DATA EXCERPT
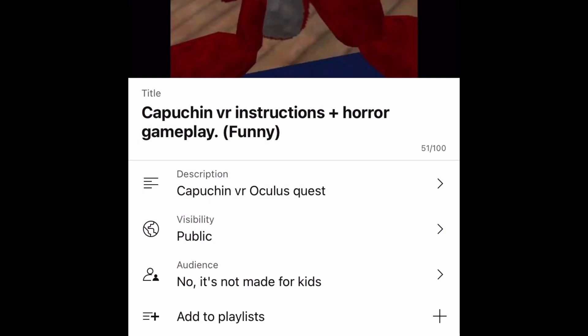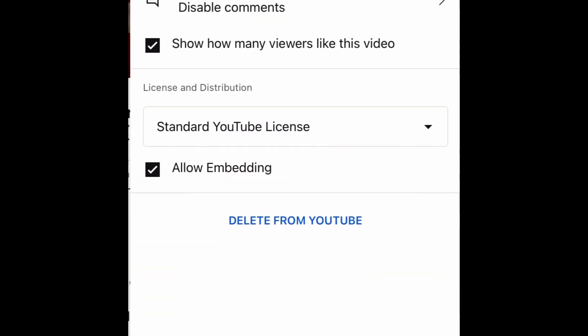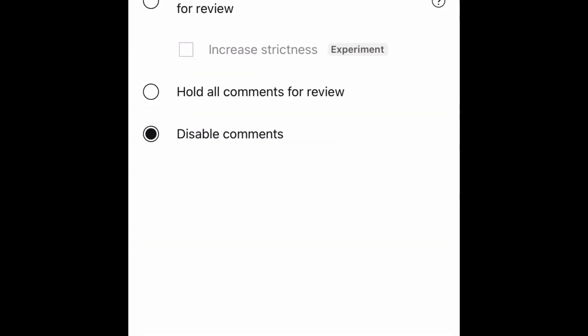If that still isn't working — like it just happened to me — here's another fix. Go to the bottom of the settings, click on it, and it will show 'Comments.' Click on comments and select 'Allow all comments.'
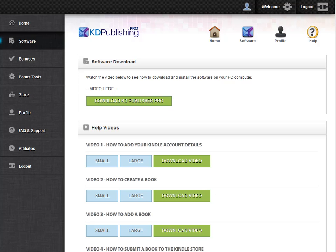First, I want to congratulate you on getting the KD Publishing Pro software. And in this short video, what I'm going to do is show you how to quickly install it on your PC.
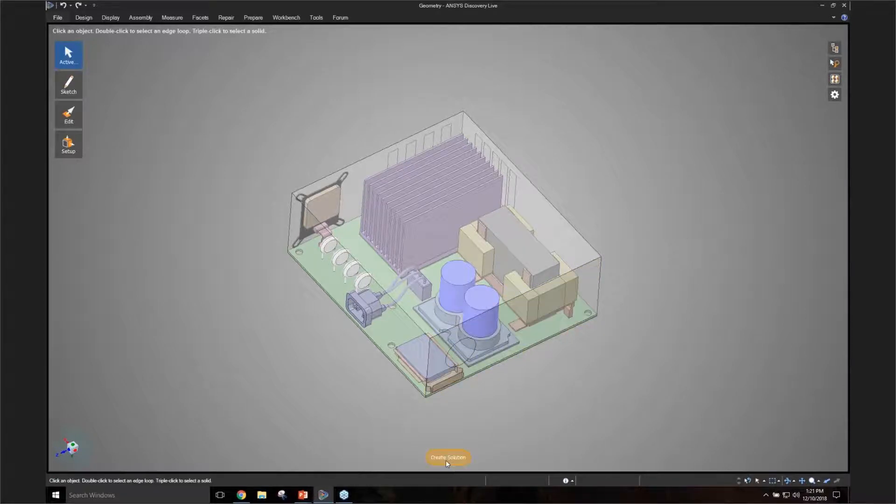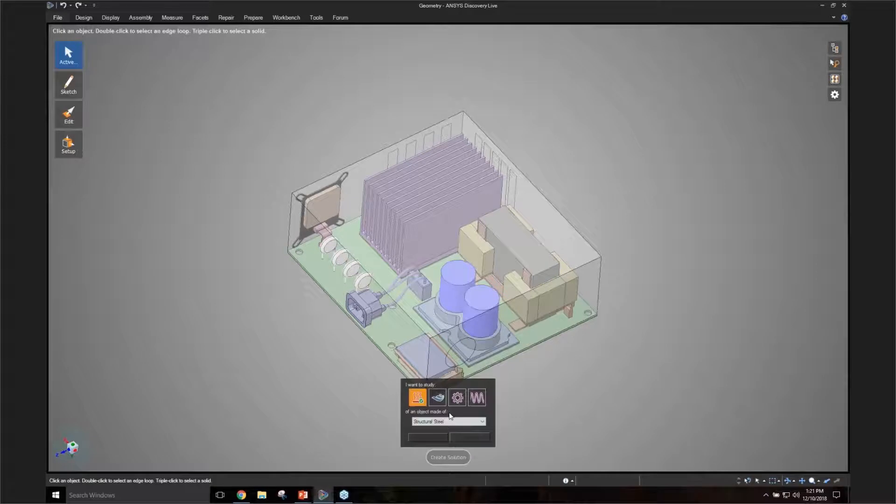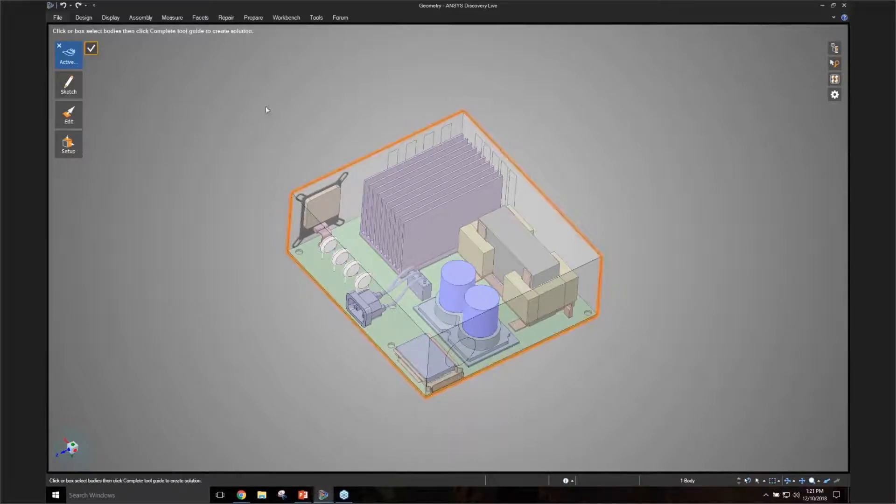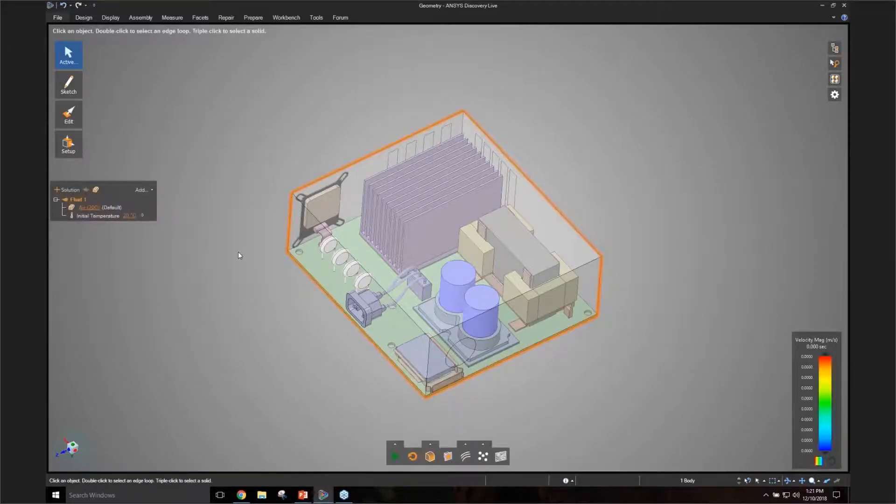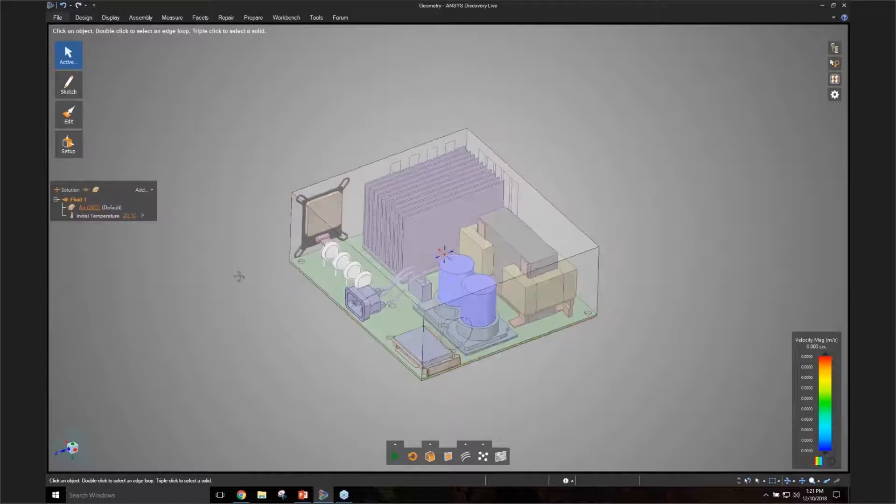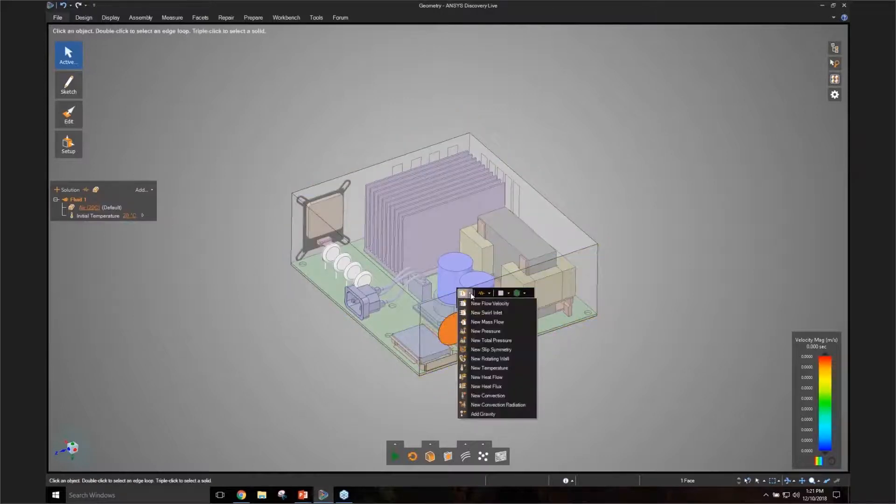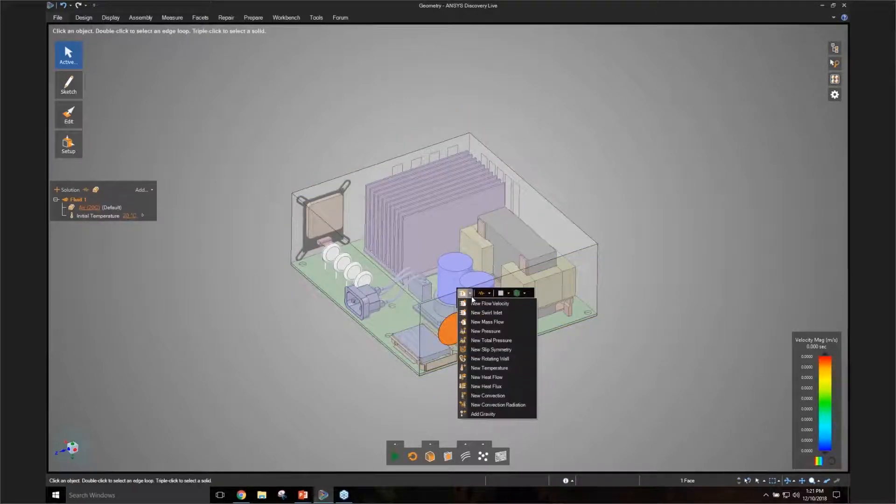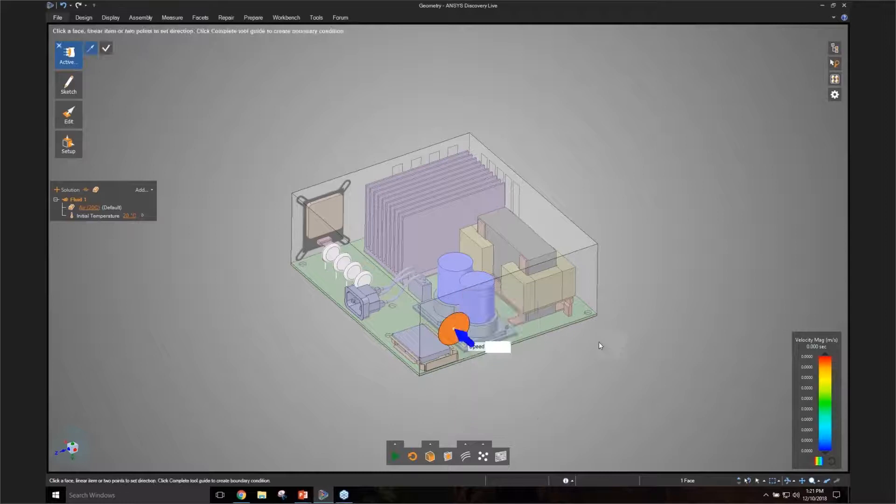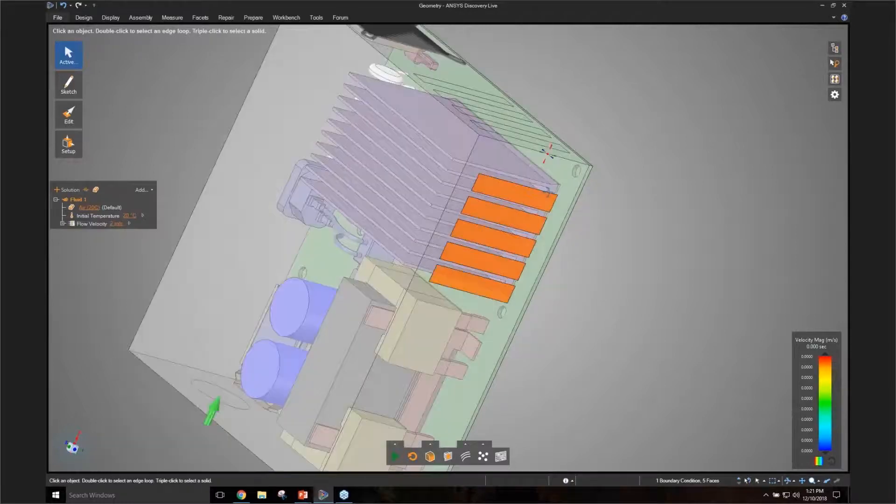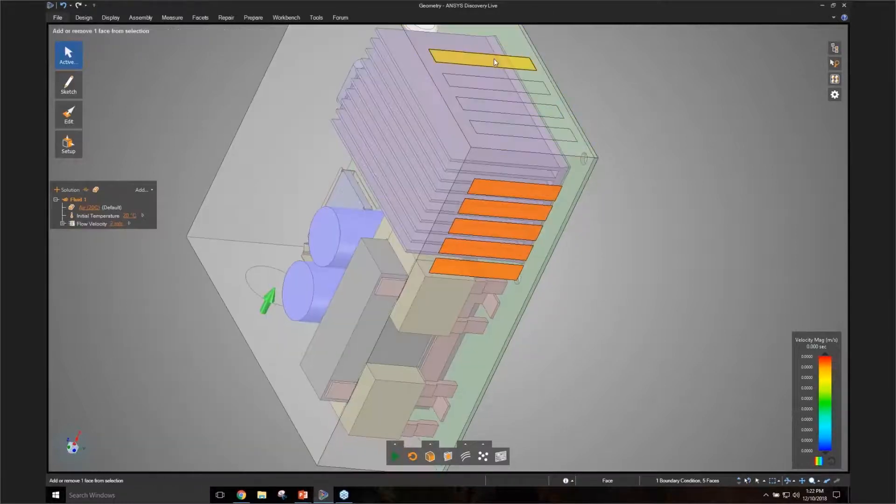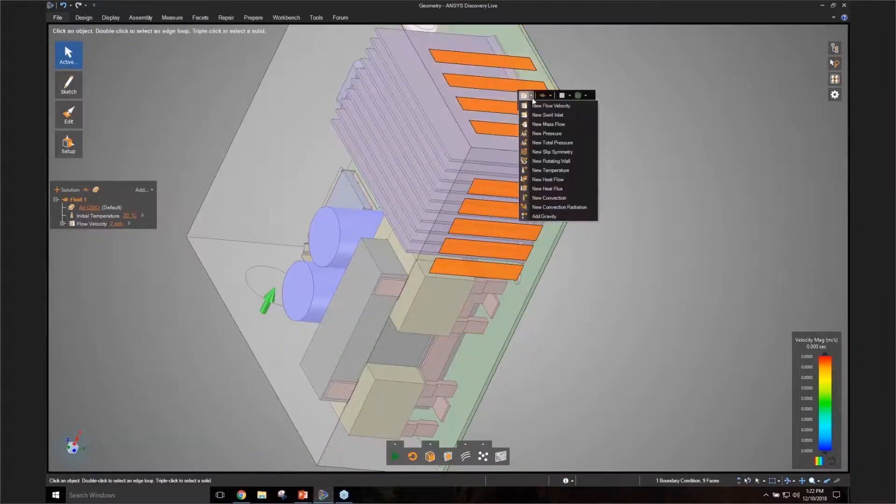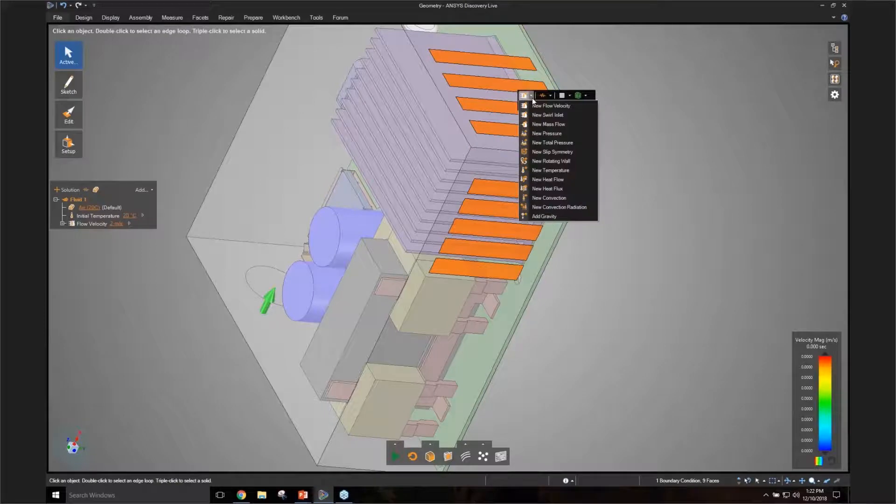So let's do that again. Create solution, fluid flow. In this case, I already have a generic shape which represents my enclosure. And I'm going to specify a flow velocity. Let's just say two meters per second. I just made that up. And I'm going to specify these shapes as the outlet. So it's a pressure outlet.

AIM OF THE EXERCISE
Each line, from the beginning of the listing to the line bearing "First, I want" inclusive, should be copied exactly; the pictures stay out.

RESPONSE BOX
If that still isn't working — like it just happened to me — here's another fix. Go to the bottom of the settings, click on it, and it will show 'Comments.' Click on comments and select 'Allow all comments.'
First, I want to congratulate you on getting the KD Publishing Pro software. And in this short video, what I'm going to do is show you how to quickly install it on your PC.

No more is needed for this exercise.